If you're a flight attendant or a baggage-handler, and you're asked to take a pay cut to keep your job, you want something to change.
If you're a young couple losing your house, your credit rating, and your piece of the American dream, you want something to change.
I was about to be impressed with this. I was a bit surprised that he went this direction (not really surprised that Huckabee did, but that the GOP allowed it). I was not surprised by the tepid applause these lines brought. I thought I even heard a boo or two in there. Great, I thought, he's going to introduce some GOP strategies for the economy. Let's hear it.
Then... nothing.
But John McCain offers specific ideas to respond to a need for change. But let me say there are some things we don't want to change: freedom, security, and the opportunity to prosper.
...
Let me make something clear tonight: I'm not a Republican because I grew up rich. I'm a Republican because I didn't want to spend the rest of my life poor, waiting for the government to rescue me.

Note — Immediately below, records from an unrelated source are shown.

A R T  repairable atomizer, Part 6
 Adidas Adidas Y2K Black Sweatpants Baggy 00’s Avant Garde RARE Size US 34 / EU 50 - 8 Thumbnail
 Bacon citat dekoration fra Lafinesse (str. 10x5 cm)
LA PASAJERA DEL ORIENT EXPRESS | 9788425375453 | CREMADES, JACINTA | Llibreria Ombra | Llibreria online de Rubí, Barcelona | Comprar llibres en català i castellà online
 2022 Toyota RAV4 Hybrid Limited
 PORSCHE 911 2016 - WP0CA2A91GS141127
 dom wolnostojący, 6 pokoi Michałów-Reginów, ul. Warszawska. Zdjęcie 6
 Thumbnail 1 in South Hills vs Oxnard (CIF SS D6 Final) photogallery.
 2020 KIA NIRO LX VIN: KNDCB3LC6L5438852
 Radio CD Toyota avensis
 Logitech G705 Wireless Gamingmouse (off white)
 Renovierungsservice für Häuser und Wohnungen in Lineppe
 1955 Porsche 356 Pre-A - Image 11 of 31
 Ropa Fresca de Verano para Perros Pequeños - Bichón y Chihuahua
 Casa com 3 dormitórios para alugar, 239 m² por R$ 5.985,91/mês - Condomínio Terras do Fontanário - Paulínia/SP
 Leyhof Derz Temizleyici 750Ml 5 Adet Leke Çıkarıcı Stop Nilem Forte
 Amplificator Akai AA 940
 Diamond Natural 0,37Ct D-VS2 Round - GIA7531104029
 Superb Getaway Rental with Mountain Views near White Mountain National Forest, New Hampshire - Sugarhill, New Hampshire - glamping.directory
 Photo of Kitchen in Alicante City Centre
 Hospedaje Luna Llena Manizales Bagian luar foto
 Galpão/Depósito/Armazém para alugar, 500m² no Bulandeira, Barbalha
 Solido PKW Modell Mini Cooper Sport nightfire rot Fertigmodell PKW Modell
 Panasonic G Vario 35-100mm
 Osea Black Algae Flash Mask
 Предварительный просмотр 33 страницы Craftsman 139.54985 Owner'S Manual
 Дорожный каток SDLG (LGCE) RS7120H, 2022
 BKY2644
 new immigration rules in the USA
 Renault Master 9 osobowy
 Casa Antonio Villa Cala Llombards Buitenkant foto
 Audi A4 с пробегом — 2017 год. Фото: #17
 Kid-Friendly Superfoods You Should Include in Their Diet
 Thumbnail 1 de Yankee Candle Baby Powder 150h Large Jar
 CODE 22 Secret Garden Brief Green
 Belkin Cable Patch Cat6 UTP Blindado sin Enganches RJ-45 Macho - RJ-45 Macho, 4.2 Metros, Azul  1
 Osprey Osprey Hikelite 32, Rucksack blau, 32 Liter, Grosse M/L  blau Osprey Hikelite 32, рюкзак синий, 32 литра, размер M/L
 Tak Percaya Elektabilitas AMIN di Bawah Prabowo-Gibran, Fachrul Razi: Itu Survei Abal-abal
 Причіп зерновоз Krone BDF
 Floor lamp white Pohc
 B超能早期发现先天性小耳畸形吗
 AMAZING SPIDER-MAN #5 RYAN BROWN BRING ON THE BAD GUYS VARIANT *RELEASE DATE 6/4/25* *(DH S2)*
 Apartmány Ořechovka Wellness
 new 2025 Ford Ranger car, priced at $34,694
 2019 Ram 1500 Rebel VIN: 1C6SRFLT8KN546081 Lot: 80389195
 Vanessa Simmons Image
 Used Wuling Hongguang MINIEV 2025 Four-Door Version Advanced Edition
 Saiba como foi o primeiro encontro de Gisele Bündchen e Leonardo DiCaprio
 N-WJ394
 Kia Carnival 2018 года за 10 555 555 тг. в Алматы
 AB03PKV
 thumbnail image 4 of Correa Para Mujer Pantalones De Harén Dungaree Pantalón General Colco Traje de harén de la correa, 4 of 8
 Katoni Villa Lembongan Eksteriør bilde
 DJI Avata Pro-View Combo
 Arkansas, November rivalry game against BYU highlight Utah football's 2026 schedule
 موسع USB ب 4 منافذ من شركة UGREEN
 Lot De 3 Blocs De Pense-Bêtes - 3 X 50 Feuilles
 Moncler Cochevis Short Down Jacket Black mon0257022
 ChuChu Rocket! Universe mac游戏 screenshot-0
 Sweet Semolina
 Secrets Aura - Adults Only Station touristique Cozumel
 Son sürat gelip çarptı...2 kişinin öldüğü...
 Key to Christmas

John McCain doesn't want the kind of change that allows the government to reach even deeper into your paycheck and pick your pocket, your doctor, your child's school, or even the kind of car you drive, or tell you how much you have to inflate your tires.
I think he left out the part where Democrats also want to pick out your house color, but he managed to get the rest of the jabs in there. Nary a bit about what the McCain-Palin ticket brings to the table in regards to policy, though.
Submitted by RayCapps on Thu, 2008/09/04 - 8:37am.
and have studiously avoided watching anything from either one. Besides, now that my vote is decided, I'm just on cruise control until November anyway.
But here are four rhetorical questions and a real one that kind of strike me as significant at this point.
Rhetorical:
1. How many threads and replies on this board in the past few days about the GOP VP choice?
2. How many stories in the national media in the past few days about the GOP VP choice?
3. How many threads and replies on this board in the past few days about Obama?
4. How many stories in the national media in the past few days about Obama?
Real:
Is it possible that the GOP VP choice is almost perfectly fulfilling her intended role in this campaign?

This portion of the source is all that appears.